To better elucidate factors associated with worse outcomes from COVID-19 in this patient population, the researchers evaluated data from 111 patients with lymphoma who were admitted to one of 16 French hospitals for severe COVID-19 during March and April of 2020. The researchers specifically focused on identifying factors associated with prolonged hospital stay (longer than 30 days) and death from any cause.

Of the 111 patients, 63 (57 percent) had previously received B-cell-depleting therapy; 29 percent of all patients required a prolonged hospital stay due to severe COVID-19 symptoms. After a median follow-up of 191 days, the six-month overall survival in this patient population was 69 percent.

After adjusting for age, comorbidities, and the presence of relapsed/refractory disease, the authors found that receipt of B-cell-depleting treatment within the previous 12 months nearly doubled the likelihood of a prolonged hospital stay and more than doubled the risk of death. Other factors that were significantly associated with decreased overall survival and prolonged hospital stay were having relapsed/refractory lymphoma or being at least 70 years of age.
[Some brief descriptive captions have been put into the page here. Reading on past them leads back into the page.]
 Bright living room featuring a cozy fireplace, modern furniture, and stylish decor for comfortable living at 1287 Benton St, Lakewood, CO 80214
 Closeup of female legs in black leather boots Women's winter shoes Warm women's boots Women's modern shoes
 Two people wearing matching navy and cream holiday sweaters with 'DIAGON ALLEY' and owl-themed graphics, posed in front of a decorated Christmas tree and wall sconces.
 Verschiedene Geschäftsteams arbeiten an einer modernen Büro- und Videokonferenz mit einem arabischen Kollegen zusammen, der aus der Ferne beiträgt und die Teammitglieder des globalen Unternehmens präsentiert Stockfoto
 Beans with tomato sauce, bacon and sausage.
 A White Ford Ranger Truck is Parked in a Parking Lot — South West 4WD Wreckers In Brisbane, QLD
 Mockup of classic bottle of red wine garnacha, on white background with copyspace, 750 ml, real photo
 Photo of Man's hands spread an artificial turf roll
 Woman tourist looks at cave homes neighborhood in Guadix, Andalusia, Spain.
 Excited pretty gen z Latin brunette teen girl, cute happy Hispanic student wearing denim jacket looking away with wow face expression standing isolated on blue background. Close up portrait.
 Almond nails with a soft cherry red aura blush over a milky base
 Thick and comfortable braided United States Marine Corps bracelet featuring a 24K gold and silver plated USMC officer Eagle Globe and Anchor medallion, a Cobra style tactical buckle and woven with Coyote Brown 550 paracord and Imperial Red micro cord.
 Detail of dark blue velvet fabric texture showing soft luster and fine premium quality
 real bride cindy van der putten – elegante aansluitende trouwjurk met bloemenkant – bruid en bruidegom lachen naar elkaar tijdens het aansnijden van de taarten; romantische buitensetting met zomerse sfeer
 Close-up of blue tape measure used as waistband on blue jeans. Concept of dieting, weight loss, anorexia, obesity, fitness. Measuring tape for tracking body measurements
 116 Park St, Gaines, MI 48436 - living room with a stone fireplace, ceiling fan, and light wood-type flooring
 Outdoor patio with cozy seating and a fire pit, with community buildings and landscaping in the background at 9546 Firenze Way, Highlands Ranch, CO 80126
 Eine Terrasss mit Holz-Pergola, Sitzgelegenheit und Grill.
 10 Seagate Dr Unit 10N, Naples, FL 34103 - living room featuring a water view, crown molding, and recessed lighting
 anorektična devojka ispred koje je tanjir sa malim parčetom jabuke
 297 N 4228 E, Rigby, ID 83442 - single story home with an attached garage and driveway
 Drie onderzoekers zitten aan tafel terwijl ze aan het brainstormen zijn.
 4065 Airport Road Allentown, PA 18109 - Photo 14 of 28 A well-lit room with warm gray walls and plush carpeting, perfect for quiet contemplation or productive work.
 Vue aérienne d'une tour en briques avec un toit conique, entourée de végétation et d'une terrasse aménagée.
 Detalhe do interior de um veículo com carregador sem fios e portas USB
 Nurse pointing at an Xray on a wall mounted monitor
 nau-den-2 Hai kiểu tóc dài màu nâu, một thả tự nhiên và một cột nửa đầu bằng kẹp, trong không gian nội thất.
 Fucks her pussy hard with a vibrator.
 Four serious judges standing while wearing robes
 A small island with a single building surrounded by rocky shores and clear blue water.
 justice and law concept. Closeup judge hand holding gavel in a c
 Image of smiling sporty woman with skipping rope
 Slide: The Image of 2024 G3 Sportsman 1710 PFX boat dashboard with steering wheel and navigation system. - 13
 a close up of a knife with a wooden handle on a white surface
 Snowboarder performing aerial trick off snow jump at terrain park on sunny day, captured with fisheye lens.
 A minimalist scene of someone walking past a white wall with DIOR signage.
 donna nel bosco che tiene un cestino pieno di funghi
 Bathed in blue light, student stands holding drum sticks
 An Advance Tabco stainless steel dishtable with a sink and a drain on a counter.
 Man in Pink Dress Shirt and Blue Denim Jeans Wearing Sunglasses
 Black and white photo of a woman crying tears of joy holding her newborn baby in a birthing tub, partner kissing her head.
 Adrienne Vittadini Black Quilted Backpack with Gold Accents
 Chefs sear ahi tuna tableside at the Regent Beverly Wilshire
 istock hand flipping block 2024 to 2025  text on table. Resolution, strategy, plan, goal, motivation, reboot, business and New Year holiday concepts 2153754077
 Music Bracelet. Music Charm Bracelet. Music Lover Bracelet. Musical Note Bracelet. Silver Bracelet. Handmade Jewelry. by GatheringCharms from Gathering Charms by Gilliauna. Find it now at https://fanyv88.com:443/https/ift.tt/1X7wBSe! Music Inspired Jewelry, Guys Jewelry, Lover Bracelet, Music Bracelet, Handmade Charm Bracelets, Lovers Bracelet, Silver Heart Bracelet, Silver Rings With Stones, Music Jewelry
“Our findings regarding the impact of anti-CD20 therapy on the course of COVID-19 can contribute to the guidelines for managing patients with lymphoma during the pandemic,” said Besson. “Our results also

highlight the need for specific therapies for patients with COVID-19 who are B-cell depleted, and for the evaluation of the efficacy and timing of vaccination in this particular population,” she said.

“Patients who recently received B-cell-depleting therapies and have COVID-19 should refer to their physician and should be closely monitored,” Lamure added.  

Limitations of this study include its retrospective nature.

Besson receives funding from Roche to study the immune response against SARS-CoV-2, the virus that causes COVID-19, among patients with lymphoma. Lamure declares no conflict of interest.